▶ Records provided:
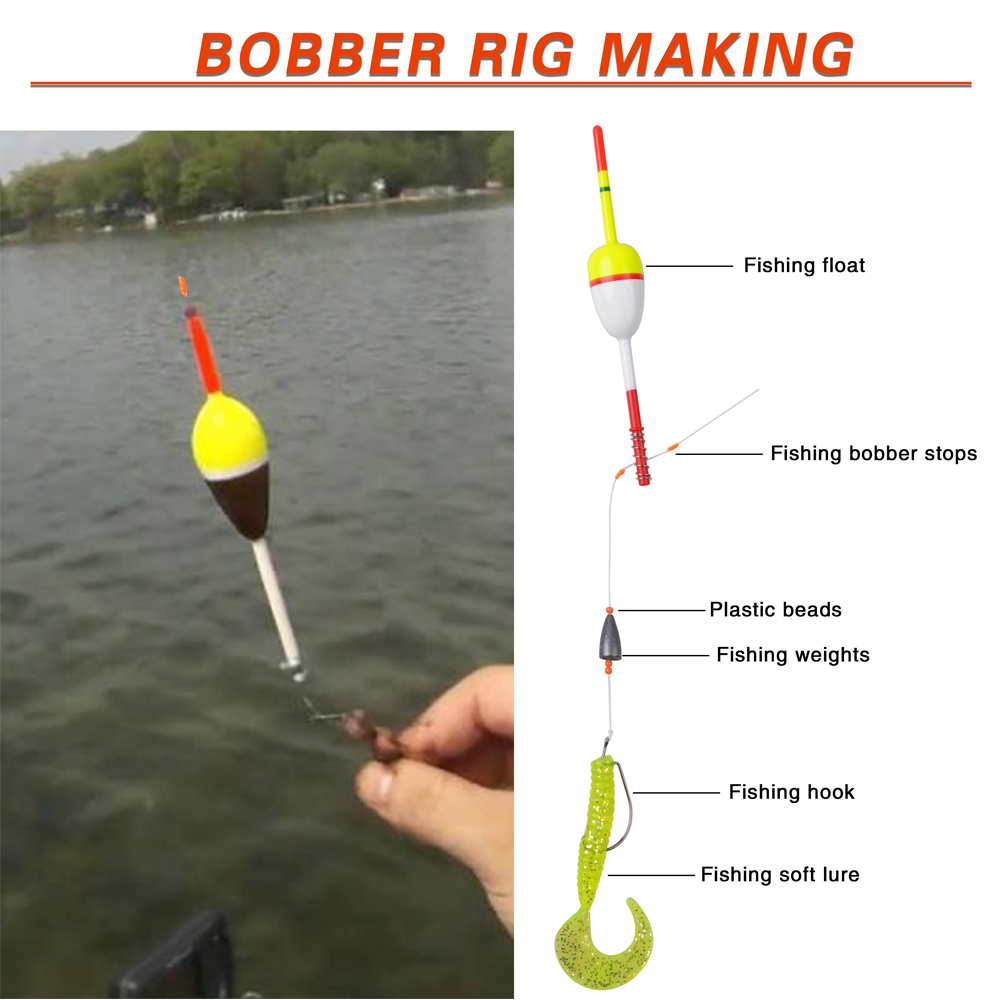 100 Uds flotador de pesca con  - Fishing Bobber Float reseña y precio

==

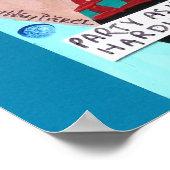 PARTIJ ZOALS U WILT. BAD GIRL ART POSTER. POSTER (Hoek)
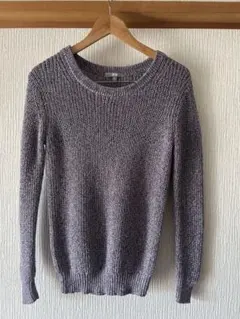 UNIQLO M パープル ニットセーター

▶ Work task:
Once the line with "PARTIJ ZOALS U" is found in the data above, reproduce it and each line after it exactly, through the line with "UNIQLO M パープル ニットセーター". Omit the pictures.

▶ Task solution:
 PARTIJ ZOALS U WILT. BAD GIRL ART POSTER. POSTER (Hoek)
 UNIQLO M パープル ニットセーター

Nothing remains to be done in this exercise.